TASK PROMPT: When you copy the listing, reproduce each line as it appears and omit every image.

SOURCE MATERIAL:

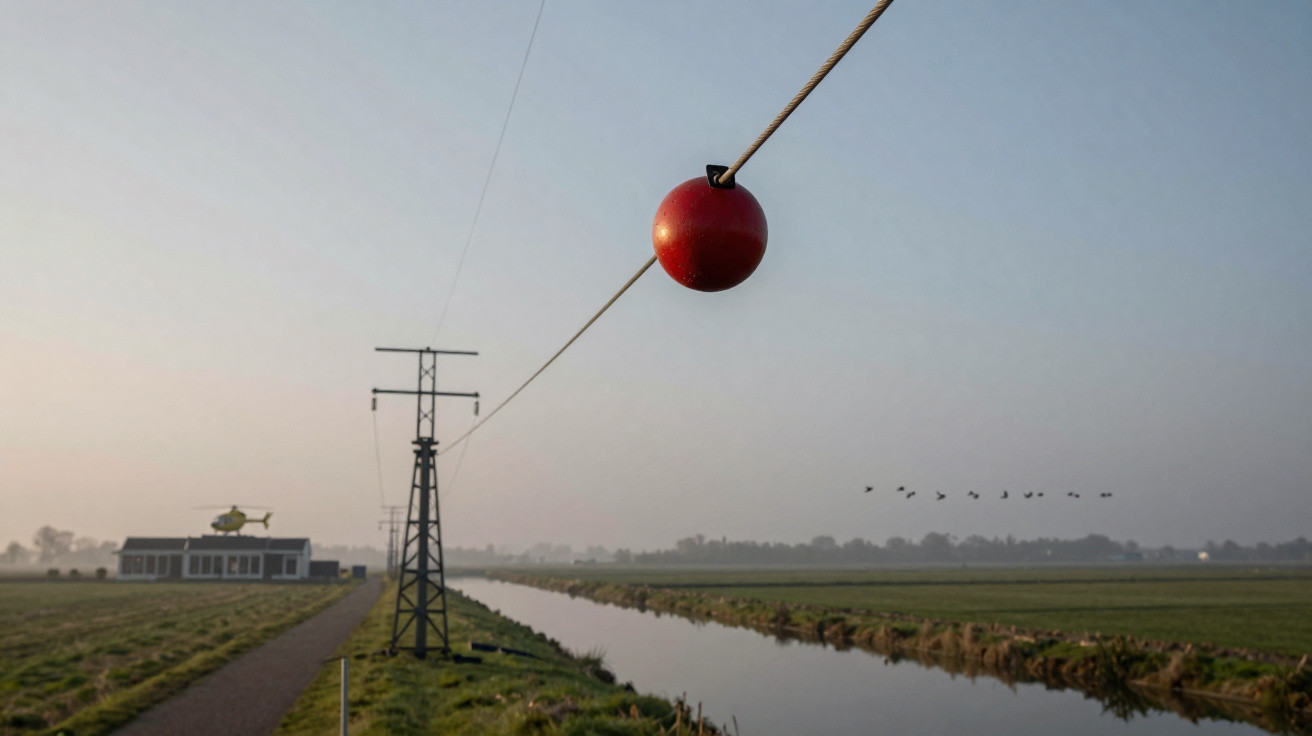 Balão vermelho preso a cabo com paisagem rural, rio, helicóptero e linha de aves no céu ao fundo.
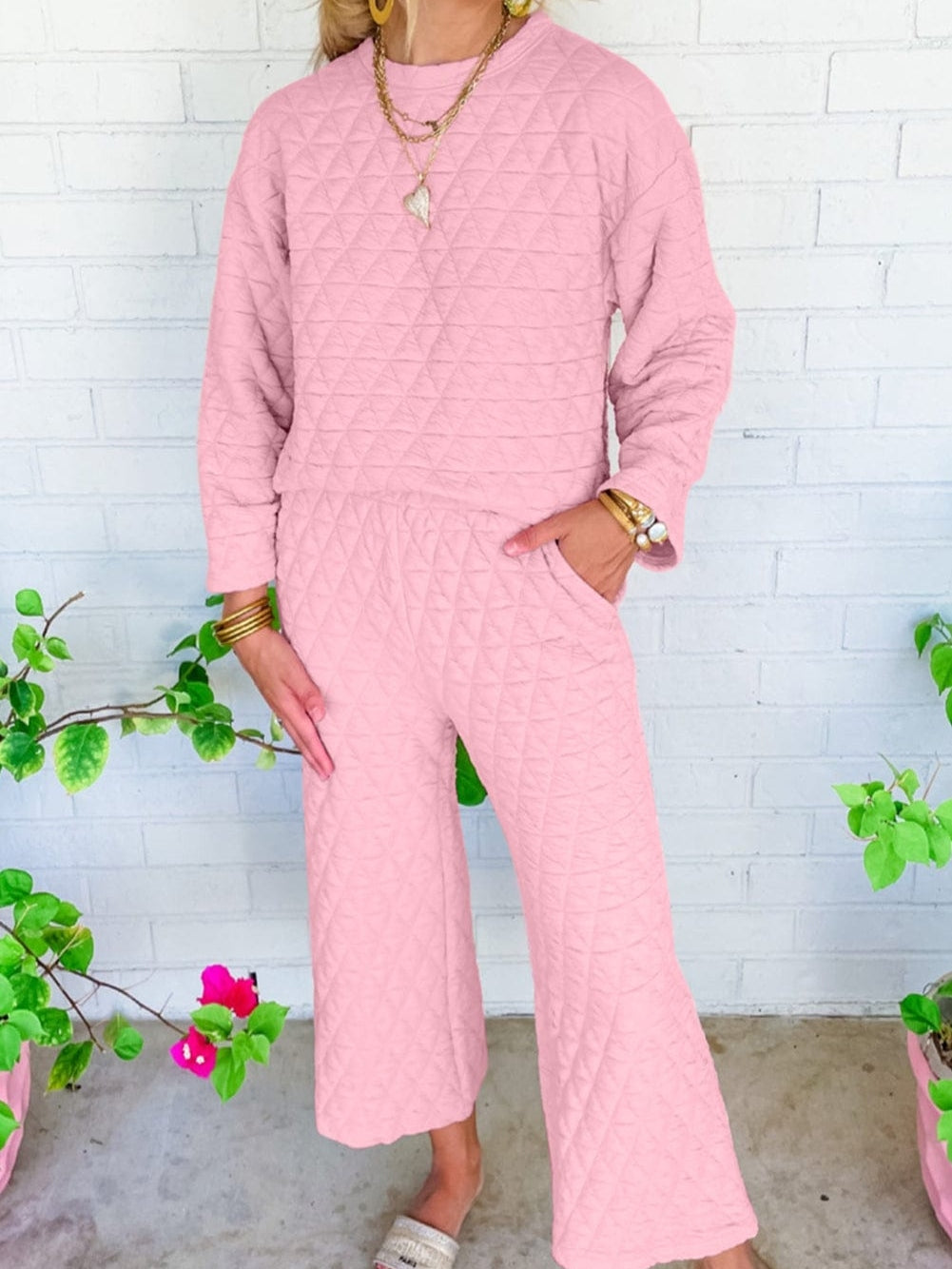 Pink Quilted Pullover and Wide Leg Pants Set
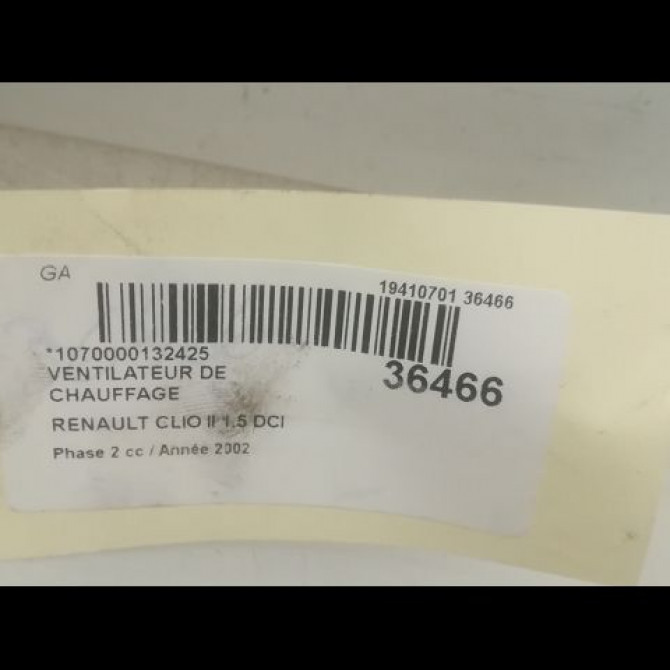 Ventilateur de chauffage occasion RENAULT CLIO II Phase 2 06-2001->07-2006 1.5 DCI 65ch 7701050899 3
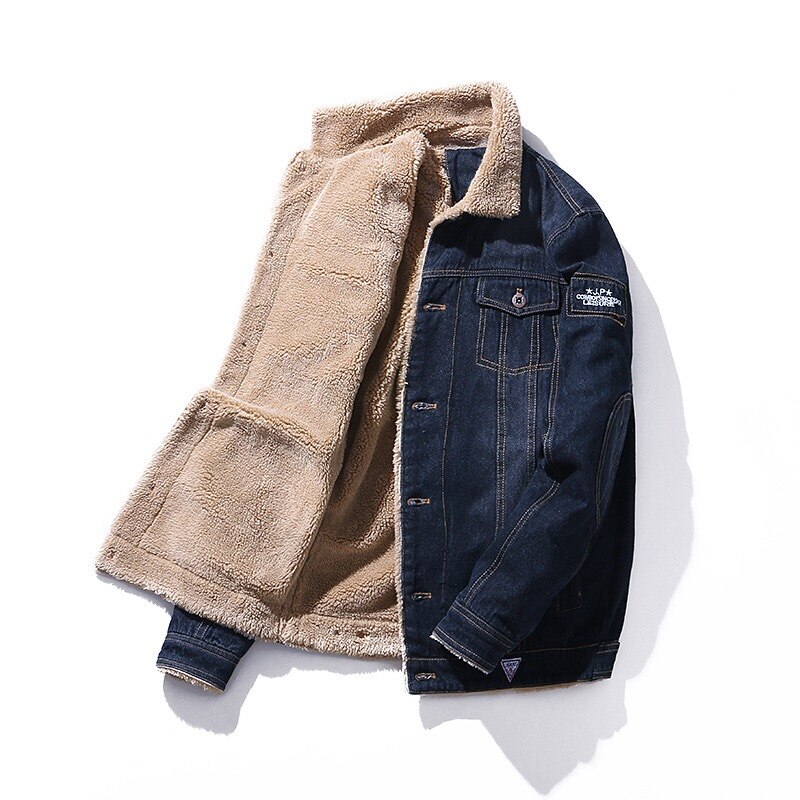 Denim Jacke Männer Winter Windbreaker warm Herren Jacken Outwear Jeans Mantel Männlichen Multi-tasche Cowboy Kleidung Plus Größe s-6XL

SOLUTION FOR THIS TASK:
 Balão vermelho preso a cabo com paisagem rural, rio, helicóptero e linha de aves no céu ao fundo.
 Pink Quilted Pullover and Wide Leg Pants Set
 Ventilateur de chauffage occasion RENAULT CLIO II Phase 2 06-2001->07-2006 1.5 DCI 65ch 7701050899 3
 Denim Jacke Männer Winter Windbreaker warm Herren Jacken Outwear Jeans Mantel Männlichen Multi-tasche Cowboy Kleidung Plus Größe s-6XL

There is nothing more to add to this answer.